Historically, weaving these was a skill that was passed down from mother to daughter through countless generations. It was considered a rite of passage which marked the transition from being a girl into becoming a woman, and it was also recognized as a symbol depicting maternal care for children, and for the country itself. This charming tradition was maintained across the centuries into modern times, but then following the 1994 genocide of the Rwandan people, it took on an entirely new meaning as well.

African Baskets

After the genocide finally ended, the surviving women of the country took it upon themselves to help rebuild the shattered nation, as well as to revive their decimated families. There were countless orphans created in the wake of the genocide, many of them having no family to turn to for protection or for survival.

In order to support many of these orphans and to provide for their own families, a great many women in Rwanda banded together for the purpose of creating an artisan cooperative. Regardless of what their past differences might have been, these women decided to work together for the sake of their family and friends and to try to create a brighter future for their country.

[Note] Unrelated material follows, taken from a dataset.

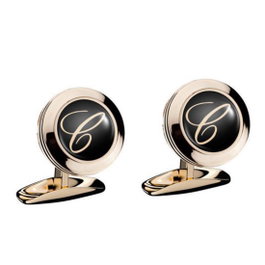Chopard Gemelos Classic C en acero inoxidable con acabados oro rosa/negro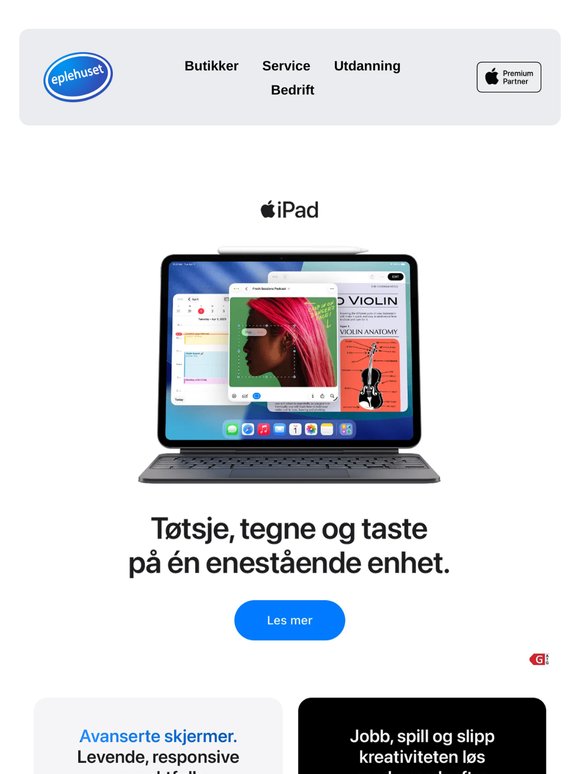 iPad. Tøtsje, tegne og taste på én enestående enhet.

The ingenious way these women devised to provide for loved ones and to help rebuild the country, while keeping their culture alive and thriving, was by creating agaseke baskets. These would take on the symbol for the peace which had finally settled over the country. In addition, the traditional zigzag patterns of the basket came to be understood as an image of two women who were holding hands, embracing unity, reconciling the past, and achieving a newfound hope for a better future in the country.

Producing the Baskets

The materials used to craft these include such natural raw materials as sisal fibers, banana leaves, sweet grass, and raffia. These days, the sisal fibers used in basket creation are in fairly short supply in the country, and it has forced the weavers to use alternative materials in some cases, and has also prompted them to seek ways of growing their own sisal.

Many of the artists and basket weavers in Rwanda are seeking their own space, so they can cultivate sisal which they would use in their craft production. The sisal fibers which are incorporated come from the leaves of the sisal plant, and when available, they are generally sold in some of the local markets. Harvesting the sisal leaves must be done with extreme care, so that the fibers are not damaged, and so they can present the best possible finish when woven into a basket.

Agaseke Baskets Today

Four young people who get married in Rwandan culture, these have a very special significance. Traditionally, the bride's family would offer one of these to the groom, and the lid on the basket symbolized the pure, untouched characteristic of the young woman, who was giving herself to a man for the first time.

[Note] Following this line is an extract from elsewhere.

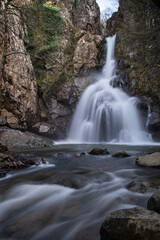 Erikli Waterfall photograph taken with long exposure. Waterfalls in Turkey. Waterfall view in the forest. Erikli Waterfall, Yalova.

On the groom's side, the groom's family would also offer a basket to the bride, representing the fact that she would now be the keeper of the groom's family secrets. The basket would then be intended to stay in her room always, and never be moved anywhere else, because only she should be privy to the groom's family secrets.

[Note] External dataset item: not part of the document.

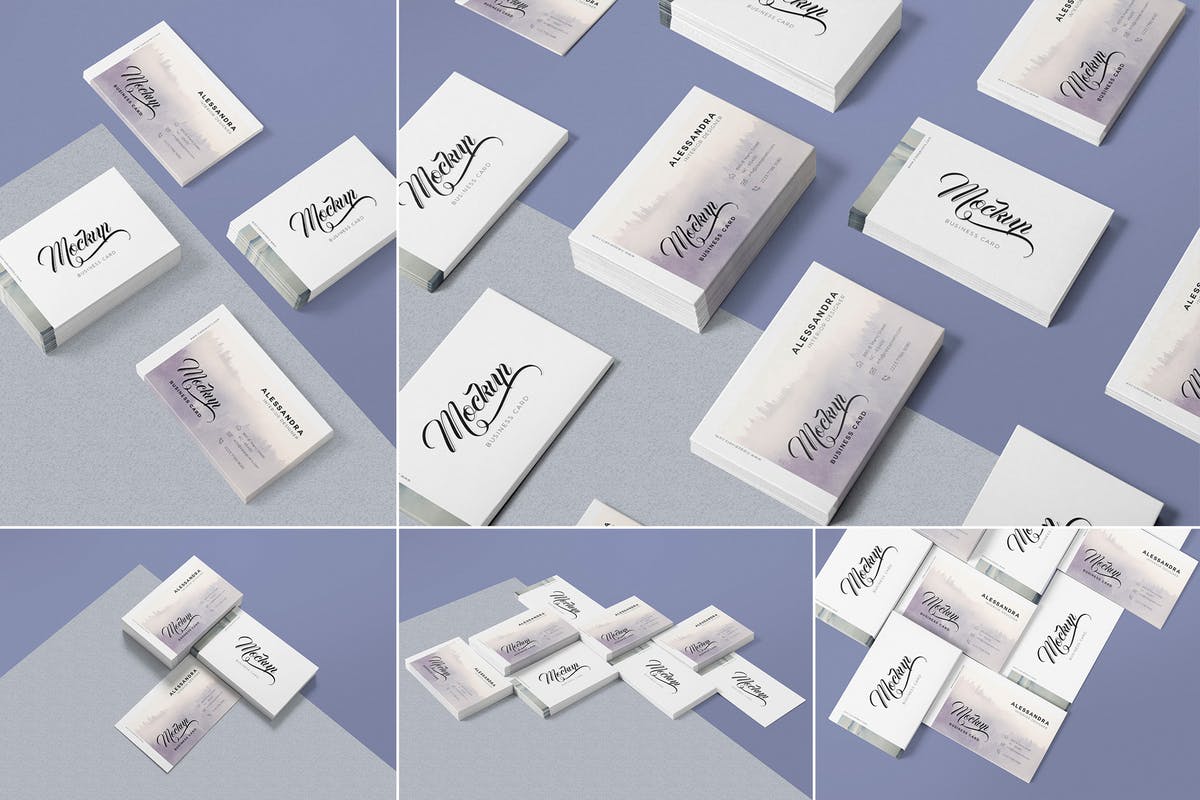 5款企业名片设计等距俯视图样机模板 5 Business Card Mock-Ups插图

In addition to these symbolic traditional meanings and practices, the containers would also have more functional uses around the house, being used to store fruits and grains, as well as to be used as simple decorative pieces throughout the household. In modern Rwandan society, they still have tremendous value and meaning and are often used to store essential household goods such as tobacco, oils, cloths, medicine, herbs, ornaments, food, and even money.

Whereas in the past, the symbolic presentation of one of these often indicated the promises exchanged between bride and groom, today they have mostly come to be symbolized as the incarnation of the peace which prevails over the country. There has been a sizable cultural transformation which has taken place in Rwanda since 1994, but the agaseke basket still retains a prominent place in the culture of the country's citizenry.

While the symbology of these has changed a bit throughout the ages, its usefulness and functionality are still intact. Nowadays, the appeal of the Rwandan agaseke peace basket has become known throughout the world, and it has become a prized decorative item for individuals who recognize their beauty and significance, regardless of personal background.